Aim of the task: Starting with the first line, output the data exactly, through to the last line.

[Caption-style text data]
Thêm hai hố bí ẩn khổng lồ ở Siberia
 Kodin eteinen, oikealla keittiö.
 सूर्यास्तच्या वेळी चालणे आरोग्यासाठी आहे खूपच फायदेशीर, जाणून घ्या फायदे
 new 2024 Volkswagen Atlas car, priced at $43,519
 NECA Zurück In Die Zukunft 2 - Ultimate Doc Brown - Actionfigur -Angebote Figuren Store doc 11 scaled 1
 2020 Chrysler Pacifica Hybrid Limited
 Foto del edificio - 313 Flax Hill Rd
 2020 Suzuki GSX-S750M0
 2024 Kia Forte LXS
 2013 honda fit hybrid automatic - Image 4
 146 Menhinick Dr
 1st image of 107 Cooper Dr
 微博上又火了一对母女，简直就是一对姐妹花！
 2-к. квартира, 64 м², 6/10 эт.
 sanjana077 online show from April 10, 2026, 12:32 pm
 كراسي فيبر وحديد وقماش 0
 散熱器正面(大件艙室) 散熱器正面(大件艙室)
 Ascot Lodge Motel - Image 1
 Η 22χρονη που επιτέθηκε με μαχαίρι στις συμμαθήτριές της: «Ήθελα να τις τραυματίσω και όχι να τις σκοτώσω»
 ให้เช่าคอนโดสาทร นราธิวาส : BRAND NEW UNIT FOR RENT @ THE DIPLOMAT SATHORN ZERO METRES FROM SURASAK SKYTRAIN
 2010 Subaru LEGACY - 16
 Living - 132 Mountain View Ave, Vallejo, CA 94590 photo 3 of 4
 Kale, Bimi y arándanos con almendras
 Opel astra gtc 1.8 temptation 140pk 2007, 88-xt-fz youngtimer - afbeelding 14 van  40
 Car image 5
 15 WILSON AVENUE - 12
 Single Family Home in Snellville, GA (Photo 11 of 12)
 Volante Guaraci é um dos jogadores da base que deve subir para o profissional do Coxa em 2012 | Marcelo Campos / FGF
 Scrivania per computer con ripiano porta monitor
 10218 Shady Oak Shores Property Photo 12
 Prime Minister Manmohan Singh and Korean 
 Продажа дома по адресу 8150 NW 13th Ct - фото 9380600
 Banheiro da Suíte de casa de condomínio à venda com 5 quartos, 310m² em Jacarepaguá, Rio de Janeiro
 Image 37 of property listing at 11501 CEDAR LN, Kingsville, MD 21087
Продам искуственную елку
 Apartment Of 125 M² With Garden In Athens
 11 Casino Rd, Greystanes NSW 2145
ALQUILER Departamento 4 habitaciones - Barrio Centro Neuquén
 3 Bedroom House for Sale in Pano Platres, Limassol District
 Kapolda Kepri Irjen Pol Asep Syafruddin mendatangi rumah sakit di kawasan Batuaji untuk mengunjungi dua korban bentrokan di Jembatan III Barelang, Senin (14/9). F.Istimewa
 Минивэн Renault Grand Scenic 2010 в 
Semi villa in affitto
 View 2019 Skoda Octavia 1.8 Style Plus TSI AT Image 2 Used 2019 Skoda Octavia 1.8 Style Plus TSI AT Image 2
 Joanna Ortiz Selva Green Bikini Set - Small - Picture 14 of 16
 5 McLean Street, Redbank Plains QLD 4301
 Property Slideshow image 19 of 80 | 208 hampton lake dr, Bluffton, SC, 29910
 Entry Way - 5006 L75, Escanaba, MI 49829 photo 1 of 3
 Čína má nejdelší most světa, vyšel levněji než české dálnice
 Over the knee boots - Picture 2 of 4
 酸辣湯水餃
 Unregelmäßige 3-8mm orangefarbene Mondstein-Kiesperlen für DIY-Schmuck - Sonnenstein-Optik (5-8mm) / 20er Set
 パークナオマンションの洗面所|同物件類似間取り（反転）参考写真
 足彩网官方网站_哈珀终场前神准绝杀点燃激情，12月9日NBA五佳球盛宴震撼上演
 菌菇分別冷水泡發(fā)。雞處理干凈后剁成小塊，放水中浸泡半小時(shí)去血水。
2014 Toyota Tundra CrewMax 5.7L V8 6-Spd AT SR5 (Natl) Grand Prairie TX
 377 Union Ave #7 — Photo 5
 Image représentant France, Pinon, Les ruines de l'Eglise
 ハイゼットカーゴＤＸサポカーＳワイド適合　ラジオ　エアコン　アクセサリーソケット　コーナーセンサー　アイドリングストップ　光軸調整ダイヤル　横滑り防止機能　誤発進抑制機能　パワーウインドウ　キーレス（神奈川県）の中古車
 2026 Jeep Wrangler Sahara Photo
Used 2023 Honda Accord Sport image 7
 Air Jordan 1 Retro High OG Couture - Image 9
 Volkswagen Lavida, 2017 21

Your response:
Thêm hai hố bí ẩn khổng lồ ở Siberia
 Kodin eteinen, oikealla keittiö.
 सूर्यास्तच्या वेळी चालणे आरोग्यासाठी आहे खूपच फायदेशीर, जाणून घ्या फायदे
 new 2024 Volkswagen Atlas car, priced at $43,519
 NECA Zurück In Die Zukunft 2 - Ultimate Doc Brown - Actionfigur -Angebote Figuren Store doc 11 scaled 1
 2020 Chrysler Pacifica Hybrid Limited
 Foto del edificio - 313 Flax Hill Rd
 2020 Suzuki GSX-S750M0
 2024 Kia Forte LXS
 2013 honda fit hybrid automatic - Image 4
 146 Menhinick Dr
 1st image of 107 Cooper Dr
 微博上又火了一对母女，简直就是一对姐妹花！
 2-к. квартира, 64 м², 6/10 эт.
 sanjana077 online show from April 10, 2026, 12:32 pm
 كراسي فيبر وحديد وقماش 0
 散熱器正面(大件艙室) 散熱器正面(大件艙室)
 Ascot Lodge Motel - Image 1
 Η 22χρονη που επιτέθηκε με μαχαίρι στις συμμαθήτριές της: «Ήθελα να τις τραυματίσω και όχι να τις σκοτώσω»
 ให้เช่าคอนโดสาทร นราธิวาส : BRAND NEW UNIT FOR RENT @ THE DIPLOMAT SATHORN ZERO METRES FROM SURASAK SKYTRAIN
 2010 Subaru LEGACY - 16
 Living - 132 Mountain View Ave, Vallejo, CA 94590 photo 3 of 4
 Kale, Bimi y arándanos con almendras
 Opel astra gtc 1.8 temptation 140pk 2007, 88-xt-fz youngtimer - afbeelding 14 van  40
 Car image 5
 15 WILSON AVENUE - 12
 Single Family Home in Snellville, GA (Photo 11 of 12)
 Volante Guaraci é um dos jogadores da base que deve subir para o profissional do Coxa em 2012 | Marcelo Campos / FGF
 Scrivania per computer con ripiano porta monitor
 10218 Shady Oak Shores Property Photo 12
 Prime Minister Manmohan Singh and Korean 
 Продажа дома по адресу 8150 NW 13th Ct - фото 9380600
 Banheiro da Suíte de casa de condomínio à venda com 5 quartos, 310m² em Jacarepaguá, Rio de Janeiro
 Image 37 of property listing at 11501 CEDAR LN, Kingsville, MD 21087
Продам искуственную елку
 Apartment Of 125 M² With Garden In Athens
 11 Casino Rd, Greystanes NSW 2145
ALQUILER Departamento 4 habitaciones - Barrio Centro Neuquén
 3 Bedroom House for Sale in Pano Platres, Limassol District
 Kapolda Kepri Irjen Pol Asep Syafruddin mendatangi rumah sakit di kawasan Batuaji untuk mengunjungi dua korban bentrokan di Jembatan III Barelang, Senin (14/9). F.Istimewa
 Минивэн Renault Grand Scenic 2010 в 
Semi villa in affitto
 View 2019 Skoda Octavia 1.8 Style Plus TSI AT Image 2 Used 2019 Skoda Octavia 1.8 Style Plus TSI AT Image 2
 Joanna Ortiz Selva Green Bikini Set - Small - Picture 14 of 16
 5 McLean Street, Redbank Plains QLD 4301
 Property Slideshow image 19 of 80 | 208 hampton lake dr, Bluffton, SC, 29910
 Entry Way - 5006 L75, Escanaba, MI 49829 photo 1 of 3
 Čína má nejdelší most světa, vyšel levněji než české dálnice
 Over the knee boots - Picture 2 of 4
 酸辣湯水餃
 Unregelmäßige 3-8mm orangefarbene Mondstein-Kiesperlen für DIY-Schmuck - Sonnenstein-Optik (5-8mm) / 20er Set
 パークナオマンションの洗面所|同物件類似間取り（反転）参考写真
 足彩网官方网站_哈珀终场前神准绝杀点燃激情，12月9日NBA五佳球盛宴震撼上演
 菌菇分別冷水泡發(fā)。雞處理干凈后剁成小塊，放水中浸泡半小時(shí)去血水。
2014 Toyota Tundra CrewMax 5.7L V8 6-Spd AT SR5 (Natl) Grand Prairie TX
 377 Union Ave #7 — Photo 5
 Image représentant France, Pinon, Les ruines de l'Eglise
 ハイゼットカーゴＤＸサポカーＳワイド適合　ラジオ　エアコン　アクセサリーソケット　コーナーセンサー　アイドリングストップ　光軸調整ダイヤル　横滑り防止機能　誤発進抑制機能　パワーウインドウ　キーレス（神奈川県）の中古車
 2026 Jeep Wrangler Sahara Photo
Used 2023 Honda Accord Sport image 7
 Air Jordan 1 Retro High OG Couture - Image 9
 Volkswagen Lavida, 2017 21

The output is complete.